Abstract Background and Aims Post-transplant lymphoproliferative disorders (PTLD) are one of the most common malignancies in kidney transplant (KT) recipients. Immunosuppressive therapy and Epstein Barr Virus (EBV) play a main role in their pathogenesis. Method In this study we retrospectively analyze the characteristics, clinical evolution and treatments of a group of KT recipients performed between 1986 and 2020 in a single center. Results We included 31 patients (64.5% males). Polycystic kidney disease was the most frequent cause of renal failure. Before KT a 6.5% of the patients presented another malignancy, 10% were EBV seronegative and one received immunosuppressive therapy secondary to his primary disease. Mean age at KT was 43±12 years. 68% of the KT came from brain-dead donors. The most frequent immunosuppressive regime consisted in tacrolimus, mycophenolic acid and prednisone (61.3%). Basiliximab and Timoglobulin were used in the same proportion for the induction therapy (22.6%). Before PTLD appearance the immunosuppressive therapy was reduced in the 54.8% of the recipients. 13% of them presented acute allograft rejection. The majority of PTLD were diagnosticated between 2016 and 2020. Median time to develop PTLD was 13 years. 54.3% of the patients presented with extranodal involvement.
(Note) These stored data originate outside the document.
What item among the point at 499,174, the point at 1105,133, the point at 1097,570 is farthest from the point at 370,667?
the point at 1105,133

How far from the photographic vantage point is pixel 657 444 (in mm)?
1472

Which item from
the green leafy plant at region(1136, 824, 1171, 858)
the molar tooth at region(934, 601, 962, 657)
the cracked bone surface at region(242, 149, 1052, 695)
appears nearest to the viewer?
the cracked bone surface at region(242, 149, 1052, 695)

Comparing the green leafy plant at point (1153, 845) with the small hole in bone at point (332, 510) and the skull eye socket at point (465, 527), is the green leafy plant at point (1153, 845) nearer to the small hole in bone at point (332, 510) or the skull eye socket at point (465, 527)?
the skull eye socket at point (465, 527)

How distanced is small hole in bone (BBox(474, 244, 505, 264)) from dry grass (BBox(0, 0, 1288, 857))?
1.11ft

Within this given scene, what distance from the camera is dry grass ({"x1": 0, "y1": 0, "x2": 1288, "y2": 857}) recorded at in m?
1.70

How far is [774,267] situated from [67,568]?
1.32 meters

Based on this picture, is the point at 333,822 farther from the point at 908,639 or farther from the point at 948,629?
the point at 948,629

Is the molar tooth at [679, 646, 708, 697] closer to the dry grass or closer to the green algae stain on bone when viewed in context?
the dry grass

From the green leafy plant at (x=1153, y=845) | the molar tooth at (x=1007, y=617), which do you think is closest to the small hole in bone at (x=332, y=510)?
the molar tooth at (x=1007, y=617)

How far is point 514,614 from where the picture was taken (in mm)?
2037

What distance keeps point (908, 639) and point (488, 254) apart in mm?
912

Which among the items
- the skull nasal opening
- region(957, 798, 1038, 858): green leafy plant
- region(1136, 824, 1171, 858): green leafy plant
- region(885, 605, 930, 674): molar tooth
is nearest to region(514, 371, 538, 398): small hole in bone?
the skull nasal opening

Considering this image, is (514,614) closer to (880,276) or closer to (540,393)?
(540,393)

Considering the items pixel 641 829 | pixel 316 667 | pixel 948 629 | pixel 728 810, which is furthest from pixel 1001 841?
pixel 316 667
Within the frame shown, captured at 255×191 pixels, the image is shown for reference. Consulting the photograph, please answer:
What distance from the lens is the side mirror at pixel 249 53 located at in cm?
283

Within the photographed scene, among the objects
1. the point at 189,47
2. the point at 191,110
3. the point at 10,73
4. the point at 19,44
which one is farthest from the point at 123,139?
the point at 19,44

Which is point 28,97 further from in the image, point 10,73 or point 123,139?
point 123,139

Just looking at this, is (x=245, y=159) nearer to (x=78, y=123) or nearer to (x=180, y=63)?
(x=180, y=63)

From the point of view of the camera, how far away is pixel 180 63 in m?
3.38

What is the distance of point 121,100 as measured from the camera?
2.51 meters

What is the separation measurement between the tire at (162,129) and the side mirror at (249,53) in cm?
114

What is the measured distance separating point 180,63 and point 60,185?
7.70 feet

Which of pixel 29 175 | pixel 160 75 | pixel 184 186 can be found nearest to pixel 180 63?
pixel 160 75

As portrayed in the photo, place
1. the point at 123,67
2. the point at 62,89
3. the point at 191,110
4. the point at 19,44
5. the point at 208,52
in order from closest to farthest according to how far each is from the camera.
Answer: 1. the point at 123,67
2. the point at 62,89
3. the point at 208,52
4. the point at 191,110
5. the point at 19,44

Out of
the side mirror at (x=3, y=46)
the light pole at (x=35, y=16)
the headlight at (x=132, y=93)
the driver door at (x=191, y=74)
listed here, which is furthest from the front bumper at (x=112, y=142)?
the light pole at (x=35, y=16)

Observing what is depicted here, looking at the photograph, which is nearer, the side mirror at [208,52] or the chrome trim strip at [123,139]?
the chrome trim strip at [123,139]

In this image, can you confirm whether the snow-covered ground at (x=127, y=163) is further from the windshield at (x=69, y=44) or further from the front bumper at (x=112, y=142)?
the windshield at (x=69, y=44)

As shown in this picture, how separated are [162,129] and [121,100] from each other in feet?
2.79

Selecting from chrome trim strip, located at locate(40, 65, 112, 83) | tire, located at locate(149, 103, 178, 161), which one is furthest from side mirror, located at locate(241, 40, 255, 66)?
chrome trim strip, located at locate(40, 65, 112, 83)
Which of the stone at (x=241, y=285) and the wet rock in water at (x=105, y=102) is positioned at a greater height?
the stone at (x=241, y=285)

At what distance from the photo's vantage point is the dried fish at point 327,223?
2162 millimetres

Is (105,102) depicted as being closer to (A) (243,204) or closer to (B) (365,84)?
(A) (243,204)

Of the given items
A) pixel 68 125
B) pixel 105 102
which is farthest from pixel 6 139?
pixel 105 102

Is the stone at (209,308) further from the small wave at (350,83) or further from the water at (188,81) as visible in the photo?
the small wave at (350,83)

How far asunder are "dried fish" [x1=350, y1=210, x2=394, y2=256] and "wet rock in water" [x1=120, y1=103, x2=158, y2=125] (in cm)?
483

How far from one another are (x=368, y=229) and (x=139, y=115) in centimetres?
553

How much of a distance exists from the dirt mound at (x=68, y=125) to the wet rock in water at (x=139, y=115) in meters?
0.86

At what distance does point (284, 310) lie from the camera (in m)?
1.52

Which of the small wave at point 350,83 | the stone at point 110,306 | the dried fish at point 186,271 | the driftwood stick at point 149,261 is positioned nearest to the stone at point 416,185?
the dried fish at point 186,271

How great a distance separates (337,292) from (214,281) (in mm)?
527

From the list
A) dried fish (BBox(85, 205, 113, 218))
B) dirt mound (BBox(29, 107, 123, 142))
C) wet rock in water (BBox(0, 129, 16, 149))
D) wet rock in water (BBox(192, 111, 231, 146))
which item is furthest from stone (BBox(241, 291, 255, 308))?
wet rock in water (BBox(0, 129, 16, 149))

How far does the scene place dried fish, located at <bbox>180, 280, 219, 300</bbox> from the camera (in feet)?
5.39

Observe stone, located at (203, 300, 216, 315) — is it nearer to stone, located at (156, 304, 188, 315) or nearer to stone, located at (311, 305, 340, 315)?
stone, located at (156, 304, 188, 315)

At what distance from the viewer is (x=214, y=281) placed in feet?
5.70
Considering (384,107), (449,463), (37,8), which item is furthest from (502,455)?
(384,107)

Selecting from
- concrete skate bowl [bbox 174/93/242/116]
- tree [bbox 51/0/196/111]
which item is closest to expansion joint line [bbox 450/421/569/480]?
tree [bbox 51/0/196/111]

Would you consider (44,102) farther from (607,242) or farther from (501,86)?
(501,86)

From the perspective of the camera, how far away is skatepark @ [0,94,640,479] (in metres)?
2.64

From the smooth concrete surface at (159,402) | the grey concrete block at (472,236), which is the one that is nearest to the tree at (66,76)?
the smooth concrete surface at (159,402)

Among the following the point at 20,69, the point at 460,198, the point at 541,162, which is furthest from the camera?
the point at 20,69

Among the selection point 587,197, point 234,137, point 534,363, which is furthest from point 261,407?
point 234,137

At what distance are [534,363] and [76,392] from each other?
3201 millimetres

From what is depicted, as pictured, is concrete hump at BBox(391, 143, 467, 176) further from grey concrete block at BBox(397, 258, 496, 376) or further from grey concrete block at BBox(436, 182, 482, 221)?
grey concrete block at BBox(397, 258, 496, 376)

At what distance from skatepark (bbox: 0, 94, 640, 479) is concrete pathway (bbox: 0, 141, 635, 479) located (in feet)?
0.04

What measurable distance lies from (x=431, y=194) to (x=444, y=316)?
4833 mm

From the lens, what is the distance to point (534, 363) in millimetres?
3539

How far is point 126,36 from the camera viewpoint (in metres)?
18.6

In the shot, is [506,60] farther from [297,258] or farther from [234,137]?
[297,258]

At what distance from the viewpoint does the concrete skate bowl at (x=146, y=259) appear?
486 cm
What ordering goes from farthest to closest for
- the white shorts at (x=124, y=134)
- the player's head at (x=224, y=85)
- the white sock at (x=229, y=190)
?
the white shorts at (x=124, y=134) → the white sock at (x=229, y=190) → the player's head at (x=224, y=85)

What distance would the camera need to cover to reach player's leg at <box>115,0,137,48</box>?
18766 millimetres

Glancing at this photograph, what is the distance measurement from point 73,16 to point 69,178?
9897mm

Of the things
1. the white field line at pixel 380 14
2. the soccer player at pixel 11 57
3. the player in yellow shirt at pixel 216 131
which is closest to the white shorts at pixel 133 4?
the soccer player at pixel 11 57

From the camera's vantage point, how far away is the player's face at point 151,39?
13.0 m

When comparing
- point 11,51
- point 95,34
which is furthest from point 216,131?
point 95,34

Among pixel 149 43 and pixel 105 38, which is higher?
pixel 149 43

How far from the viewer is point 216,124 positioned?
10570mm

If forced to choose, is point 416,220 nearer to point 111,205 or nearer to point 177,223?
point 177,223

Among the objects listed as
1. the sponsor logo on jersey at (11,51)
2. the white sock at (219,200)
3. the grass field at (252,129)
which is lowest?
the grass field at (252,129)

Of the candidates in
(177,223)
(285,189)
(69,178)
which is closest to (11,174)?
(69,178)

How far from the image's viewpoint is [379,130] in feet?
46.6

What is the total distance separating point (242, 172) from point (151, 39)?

Although all the patients positivized EBV serology, 60% of them had undetectable EBV viral load. The main therapeutical strategy after PTLD consisted in a reduction of the immunosuppressive therapy. In this way, 28.6% of the recipients was treated with monotherapy with a calcineurin inhibitors and 21.5% with monotherapy with a mTOR inhibitor. In other hand 16.7% received a combination of tacrolimus with a mTOR inhibitor. Rejections were not observed in our group and all the patients presented a preserved kidney function at the end of follow up. Four recipients died because of PTLD. The remaining 27 presented a complete response or stabilization of the disease. Conclusion Most of the PTLD were detected between 2016-2020. The time from transplantation to PTLD appearance was long, being EBV viral load negative in the majority of the cases. Graft survival after chemotherapy and reduction of immunosuppressive therapy was excellent, with a low risk of rejection and a good prognosis for hematologic disease. It is possible that a reduction in immunosuppression in selected patients could prevent the development of PTLD.